The line containing "New 2026 Summit White Chevrolet Z71 image 40" marks the end: quote every line from the start of the records below through it, word for word.
++++++++++
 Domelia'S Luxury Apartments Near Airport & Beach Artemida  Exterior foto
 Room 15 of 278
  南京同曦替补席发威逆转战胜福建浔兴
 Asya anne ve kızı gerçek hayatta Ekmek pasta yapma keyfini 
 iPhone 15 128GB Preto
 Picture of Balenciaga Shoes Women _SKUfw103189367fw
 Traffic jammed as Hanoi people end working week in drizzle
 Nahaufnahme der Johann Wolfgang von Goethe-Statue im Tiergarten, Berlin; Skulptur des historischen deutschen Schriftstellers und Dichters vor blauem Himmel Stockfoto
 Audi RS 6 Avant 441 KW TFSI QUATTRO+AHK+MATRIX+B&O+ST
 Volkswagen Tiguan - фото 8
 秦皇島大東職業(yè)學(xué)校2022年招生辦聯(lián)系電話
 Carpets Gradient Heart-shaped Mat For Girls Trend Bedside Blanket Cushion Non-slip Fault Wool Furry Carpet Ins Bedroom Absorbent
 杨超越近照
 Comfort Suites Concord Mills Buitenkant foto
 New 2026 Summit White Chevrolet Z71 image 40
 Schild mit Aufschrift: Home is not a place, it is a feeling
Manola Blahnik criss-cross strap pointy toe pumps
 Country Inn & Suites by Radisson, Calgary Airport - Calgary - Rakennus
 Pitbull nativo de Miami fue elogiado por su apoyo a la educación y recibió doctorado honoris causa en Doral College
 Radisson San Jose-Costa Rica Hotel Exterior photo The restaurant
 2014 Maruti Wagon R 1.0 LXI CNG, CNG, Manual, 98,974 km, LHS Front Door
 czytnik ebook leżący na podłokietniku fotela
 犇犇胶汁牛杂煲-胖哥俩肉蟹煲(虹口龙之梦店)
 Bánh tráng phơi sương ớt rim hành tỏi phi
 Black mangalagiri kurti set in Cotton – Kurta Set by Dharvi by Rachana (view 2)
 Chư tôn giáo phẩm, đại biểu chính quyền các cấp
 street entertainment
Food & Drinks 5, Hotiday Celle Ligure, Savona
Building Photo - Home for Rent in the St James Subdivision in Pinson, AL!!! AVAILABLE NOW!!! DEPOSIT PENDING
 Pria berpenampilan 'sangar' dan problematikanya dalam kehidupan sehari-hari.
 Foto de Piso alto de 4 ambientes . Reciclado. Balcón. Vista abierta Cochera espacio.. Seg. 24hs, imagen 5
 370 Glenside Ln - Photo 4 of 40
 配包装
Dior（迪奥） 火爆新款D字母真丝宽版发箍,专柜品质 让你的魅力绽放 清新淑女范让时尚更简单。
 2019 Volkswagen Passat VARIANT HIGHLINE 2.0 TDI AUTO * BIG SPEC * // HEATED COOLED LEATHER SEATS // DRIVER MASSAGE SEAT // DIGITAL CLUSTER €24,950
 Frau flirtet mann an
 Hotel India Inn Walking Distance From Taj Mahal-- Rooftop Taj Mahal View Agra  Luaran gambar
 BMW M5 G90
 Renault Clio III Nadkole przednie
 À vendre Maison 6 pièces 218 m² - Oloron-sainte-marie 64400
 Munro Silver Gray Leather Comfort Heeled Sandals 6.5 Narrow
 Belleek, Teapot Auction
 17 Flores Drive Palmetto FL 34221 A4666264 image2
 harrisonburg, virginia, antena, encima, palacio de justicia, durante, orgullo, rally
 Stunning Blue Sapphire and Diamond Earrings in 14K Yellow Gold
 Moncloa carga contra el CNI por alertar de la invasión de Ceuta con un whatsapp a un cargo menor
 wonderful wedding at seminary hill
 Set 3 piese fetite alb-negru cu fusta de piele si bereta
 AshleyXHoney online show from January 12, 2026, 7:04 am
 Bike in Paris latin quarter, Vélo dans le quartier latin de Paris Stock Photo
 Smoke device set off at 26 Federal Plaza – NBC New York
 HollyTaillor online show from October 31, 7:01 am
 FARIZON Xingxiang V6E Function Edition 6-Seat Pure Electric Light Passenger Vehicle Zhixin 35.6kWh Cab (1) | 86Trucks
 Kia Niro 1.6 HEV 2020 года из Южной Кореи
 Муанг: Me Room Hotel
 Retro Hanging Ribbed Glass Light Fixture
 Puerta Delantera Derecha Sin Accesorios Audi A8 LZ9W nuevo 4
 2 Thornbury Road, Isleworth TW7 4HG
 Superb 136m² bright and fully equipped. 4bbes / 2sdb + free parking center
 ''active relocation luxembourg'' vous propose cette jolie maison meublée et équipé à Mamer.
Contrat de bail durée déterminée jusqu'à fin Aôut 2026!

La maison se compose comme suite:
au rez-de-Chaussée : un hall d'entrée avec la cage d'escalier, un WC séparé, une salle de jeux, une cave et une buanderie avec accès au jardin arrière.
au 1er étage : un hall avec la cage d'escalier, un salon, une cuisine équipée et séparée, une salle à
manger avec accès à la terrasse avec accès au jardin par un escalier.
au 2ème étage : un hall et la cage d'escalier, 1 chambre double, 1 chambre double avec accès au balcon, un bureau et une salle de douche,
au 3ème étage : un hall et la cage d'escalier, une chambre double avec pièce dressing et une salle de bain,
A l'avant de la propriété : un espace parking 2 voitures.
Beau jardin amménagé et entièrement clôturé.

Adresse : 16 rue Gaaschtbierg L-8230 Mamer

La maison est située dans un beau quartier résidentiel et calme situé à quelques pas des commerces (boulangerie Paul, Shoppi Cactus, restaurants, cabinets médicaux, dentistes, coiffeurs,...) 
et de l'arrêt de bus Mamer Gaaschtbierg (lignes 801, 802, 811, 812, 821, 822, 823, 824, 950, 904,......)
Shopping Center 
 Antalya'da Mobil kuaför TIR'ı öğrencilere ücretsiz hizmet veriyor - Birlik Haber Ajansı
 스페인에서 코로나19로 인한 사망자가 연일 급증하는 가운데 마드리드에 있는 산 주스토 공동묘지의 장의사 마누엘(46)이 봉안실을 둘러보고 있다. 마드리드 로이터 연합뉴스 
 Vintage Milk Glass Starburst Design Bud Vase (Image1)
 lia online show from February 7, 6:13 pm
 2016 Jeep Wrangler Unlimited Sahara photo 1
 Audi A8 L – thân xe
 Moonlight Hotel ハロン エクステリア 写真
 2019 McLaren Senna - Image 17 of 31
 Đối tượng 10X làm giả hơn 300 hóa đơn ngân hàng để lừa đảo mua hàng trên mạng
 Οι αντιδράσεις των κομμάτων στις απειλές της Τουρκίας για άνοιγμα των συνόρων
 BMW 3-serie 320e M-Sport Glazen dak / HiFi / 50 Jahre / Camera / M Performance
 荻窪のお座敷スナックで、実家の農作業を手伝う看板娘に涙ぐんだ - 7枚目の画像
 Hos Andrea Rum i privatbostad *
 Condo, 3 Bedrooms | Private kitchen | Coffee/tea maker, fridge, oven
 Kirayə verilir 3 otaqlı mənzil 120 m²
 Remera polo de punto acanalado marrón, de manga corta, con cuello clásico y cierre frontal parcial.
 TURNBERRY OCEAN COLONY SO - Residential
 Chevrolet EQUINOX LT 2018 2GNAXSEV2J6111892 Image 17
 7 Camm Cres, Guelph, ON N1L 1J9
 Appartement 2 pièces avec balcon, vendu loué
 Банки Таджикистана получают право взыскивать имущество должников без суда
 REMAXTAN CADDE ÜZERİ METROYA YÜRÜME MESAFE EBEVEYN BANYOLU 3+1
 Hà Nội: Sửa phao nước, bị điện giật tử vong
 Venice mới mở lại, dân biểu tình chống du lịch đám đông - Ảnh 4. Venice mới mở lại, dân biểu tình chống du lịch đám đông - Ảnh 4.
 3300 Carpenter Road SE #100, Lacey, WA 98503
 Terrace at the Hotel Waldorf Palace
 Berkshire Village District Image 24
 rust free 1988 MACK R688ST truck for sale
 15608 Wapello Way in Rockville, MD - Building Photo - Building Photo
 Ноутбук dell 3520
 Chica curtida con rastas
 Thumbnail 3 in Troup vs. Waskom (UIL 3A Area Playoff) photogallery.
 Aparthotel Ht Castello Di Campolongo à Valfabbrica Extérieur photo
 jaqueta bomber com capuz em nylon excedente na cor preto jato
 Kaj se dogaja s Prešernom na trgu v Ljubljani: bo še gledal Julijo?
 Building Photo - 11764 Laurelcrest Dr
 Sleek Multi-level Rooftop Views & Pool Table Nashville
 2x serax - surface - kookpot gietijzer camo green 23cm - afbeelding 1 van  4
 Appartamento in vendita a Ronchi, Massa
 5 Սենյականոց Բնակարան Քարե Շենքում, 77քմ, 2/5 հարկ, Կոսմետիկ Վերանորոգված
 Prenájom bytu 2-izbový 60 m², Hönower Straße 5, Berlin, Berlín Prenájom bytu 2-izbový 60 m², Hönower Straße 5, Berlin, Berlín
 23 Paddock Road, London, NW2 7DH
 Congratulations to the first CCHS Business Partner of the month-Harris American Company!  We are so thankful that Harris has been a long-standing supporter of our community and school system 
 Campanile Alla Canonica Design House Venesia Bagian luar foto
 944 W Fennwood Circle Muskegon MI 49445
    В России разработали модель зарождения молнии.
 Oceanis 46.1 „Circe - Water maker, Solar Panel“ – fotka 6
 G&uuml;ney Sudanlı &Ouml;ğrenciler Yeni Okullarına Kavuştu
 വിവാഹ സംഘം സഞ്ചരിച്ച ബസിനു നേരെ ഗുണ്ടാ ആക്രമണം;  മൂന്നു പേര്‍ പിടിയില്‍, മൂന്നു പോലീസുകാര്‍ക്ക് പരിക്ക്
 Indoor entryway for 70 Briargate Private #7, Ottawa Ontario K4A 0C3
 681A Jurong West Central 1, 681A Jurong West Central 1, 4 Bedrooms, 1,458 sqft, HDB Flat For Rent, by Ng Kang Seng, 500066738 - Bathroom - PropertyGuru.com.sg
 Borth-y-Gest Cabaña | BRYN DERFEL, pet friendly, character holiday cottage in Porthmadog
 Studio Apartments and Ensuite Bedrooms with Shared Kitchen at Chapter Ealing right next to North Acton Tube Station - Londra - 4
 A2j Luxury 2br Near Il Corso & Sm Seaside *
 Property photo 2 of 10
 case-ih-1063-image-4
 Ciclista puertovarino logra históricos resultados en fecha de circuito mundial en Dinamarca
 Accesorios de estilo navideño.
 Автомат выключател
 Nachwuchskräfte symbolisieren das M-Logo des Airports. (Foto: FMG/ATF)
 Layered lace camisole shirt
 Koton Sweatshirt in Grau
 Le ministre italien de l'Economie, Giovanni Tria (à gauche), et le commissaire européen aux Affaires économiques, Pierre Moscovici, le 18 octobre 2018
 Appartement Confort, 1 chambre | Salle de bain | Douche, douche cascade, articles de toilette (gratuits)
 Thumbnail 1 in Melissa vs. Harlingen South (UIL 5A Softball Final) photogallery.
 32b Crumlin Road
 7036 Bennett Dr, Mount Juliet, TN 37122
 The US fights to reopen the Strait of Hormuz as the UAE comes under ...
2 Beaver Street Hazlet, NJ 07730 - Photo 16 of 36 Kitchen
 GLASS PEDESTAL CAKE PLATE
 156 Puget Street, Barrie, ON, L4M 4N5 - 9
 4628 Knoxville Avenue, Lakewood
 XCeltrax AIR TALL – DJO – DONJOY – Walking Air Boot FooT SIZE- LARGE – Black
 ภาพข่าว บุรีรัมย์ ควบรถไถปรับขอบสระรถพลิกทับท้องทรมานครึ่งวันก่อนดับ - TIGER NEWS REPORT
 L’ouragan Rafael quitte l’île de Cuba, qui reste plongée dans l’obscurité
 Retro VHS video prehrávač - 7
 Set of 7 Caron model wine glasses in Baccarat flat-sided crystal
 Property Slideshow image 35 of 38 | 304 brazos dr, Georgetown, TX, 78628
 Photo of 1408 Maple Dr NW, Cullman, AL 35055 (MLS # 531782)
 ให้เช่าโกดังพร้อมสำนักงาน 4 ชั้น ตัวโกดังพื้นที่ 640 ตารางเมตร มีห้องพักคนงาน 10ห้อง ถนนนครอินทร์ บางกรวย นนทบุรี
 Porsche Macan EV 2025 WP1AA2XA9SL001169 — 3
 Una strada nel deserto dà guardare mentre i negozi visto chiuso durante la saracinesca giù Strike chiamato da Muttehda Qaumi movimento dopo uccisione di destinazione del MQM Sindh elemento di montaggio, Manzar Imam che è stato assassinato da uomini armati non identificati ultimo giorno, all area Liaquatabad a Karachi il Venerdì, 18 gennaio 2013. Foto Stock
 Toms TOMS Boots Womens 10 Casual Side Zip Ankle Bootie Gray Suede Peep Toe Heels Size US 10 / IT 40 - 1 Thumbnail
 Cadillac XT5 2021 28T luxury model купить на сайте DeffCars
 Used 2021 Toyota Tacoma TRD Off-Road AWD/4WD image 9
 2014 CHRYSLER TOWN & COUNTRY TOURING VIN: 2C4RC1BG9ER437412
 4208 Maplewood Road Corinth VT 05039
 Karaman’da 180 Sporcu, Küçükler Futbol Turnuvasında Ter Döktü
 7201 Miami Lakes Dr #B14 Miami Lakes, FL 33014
++++++++++
Answer area =
 Domelia'S Luxury Apartments Near Airport & Beach Artemida  Exterior foto
 Room 15 of 278
  南京同曦替补席发威逆转战胜福建浔兴
 Asya anne ve kızı gerçek hayatta Ekmek pasta yapma keyfini 
 iPhone 15 128GB Preto
 Picture of Balenciaga Shoes Women _SKUfw103189367fw
 Traffic jammed as Hanoi people end working week in drizzle
 Nahaufnahme der Johann Wolfgang von Goethe-Statue im Tiergarten, Berlin; Skulptur des historischen deutschen Schriftstellers und Dichters vor blauem Himmel Stockfoto
 Audi RS 6 Avant 441 KW TFSI QUATTRO+AHK+MATRIX+B&O+ST
 Volkswagen Tiguan - фото 8
 秦皇島大東職業(yè)學(xué)校2022年招生辦聯(lián)系電話
 Carpets Gradient Heart-shaped Mat For Girls Trend Bedside Blanket Cushion Non-slip Fault Wool Furry Carpet Ins Bedroom Absorbent
 杨超越近照
 Comfort Suites Concord Mills Buitenkant foto
 New 2026 Summit White Chevrolet Z71 image 40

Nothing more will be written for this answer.